Some of these people owned lots of slaves. How common was this? Let's define "lots" as ten or more in a household, bearing in mind that sometimes those with many slaves were still benevolent owners. (One man benevolently owned 18 relatives on the eve of emancipation.) In 1830, 80 percent of blacks who owned ten or more slaves lived in Louisiana or South Carolina. I won't say it wasn't weird, but there were only 214 such owners nationwide out of 320,000 free blacks.
"

— Cecil Adams

Stan said...

Faith,
Since I had never heard of Cecil Adams, I looked him up. Here's what I found at his page:

"Who is this man called Cecil Adams?

Who is Cecil Adams?

Cecil Adams is the world's most intelligent human being. We know this because: (1) he knows everything, and (2) he is never wrong.

How do we know that Cecil knows everything and is never wrong?
Because he said so, and he would never lie to us.

No, really.
Listen, read the columns. Soon you will agree this is no ordinary man.

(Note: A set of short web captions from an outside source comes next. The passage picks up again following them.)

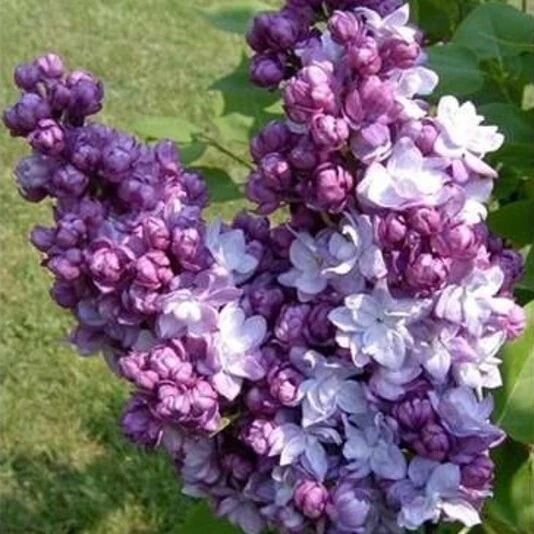 Сирень обыкновенная "Адмирал Кузнецов" Syringa vulgaris "Admiral Kuznetsov"
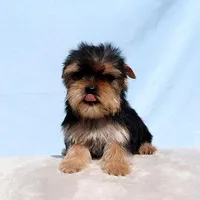 Toy Yorkie Puppy Girl (Fiona), a female Yorkshire Terrier for sale in Los Angeles, CA – Photo 5 of 5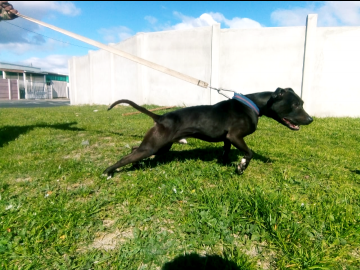 picture of dog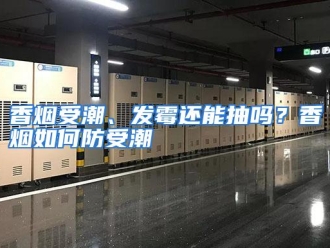 常见问题香烟受潮、发霉还能抽吗？香烟如何防受潮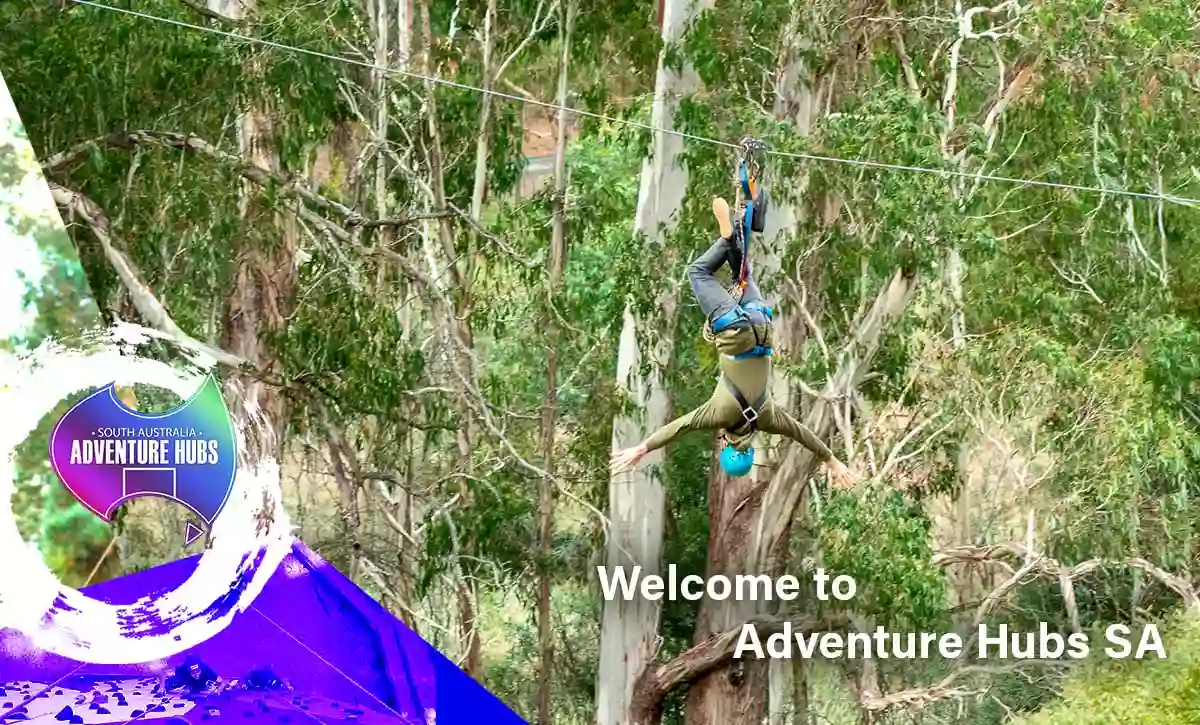 Mount Lofty Adventure Hub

What do you mean, "columns"? You're telling me the world's smartest human being works for the newspapers?
We all gotta eat. Yes, Cecil works for the newspapers. His syndicated weekly column, the Straight Dope, presently appears in more than 30 newspapers throughout the United States and Canada. Ballantine has published five collections of his work, a Straight Dope TV show aired on the Arts & Entertainment cable network, and we'll be starting on the biopic as soon as we can line up Sly Stallone.

You're making this up.
All right, the Sly Stallone part we made up. But the other stuff is real.


So this guy - who uses no references in his statistical claims - already knows everything and is the most intelligent human.

I have no idea where the statistics he quotes came from, other than the oblique reference to the 1830 census, which he says is flawed...

So what is your point by quoting him?

Unknown said...

Don't know if it's relevant. But similar instition occured in Hatie. Industrial sugar production-rather than cotten- was the primary export of the colony, which coincidentally had the highest mortality and shipment rate on the continent. Several owners married female slaves, and they became land owners on plantations along with future children.

Steven Satak said...

@Stan: is Cecil Adams engaged in claims unique to the AtheoLeft or is that sort of behavior typical for a merely corrupt human?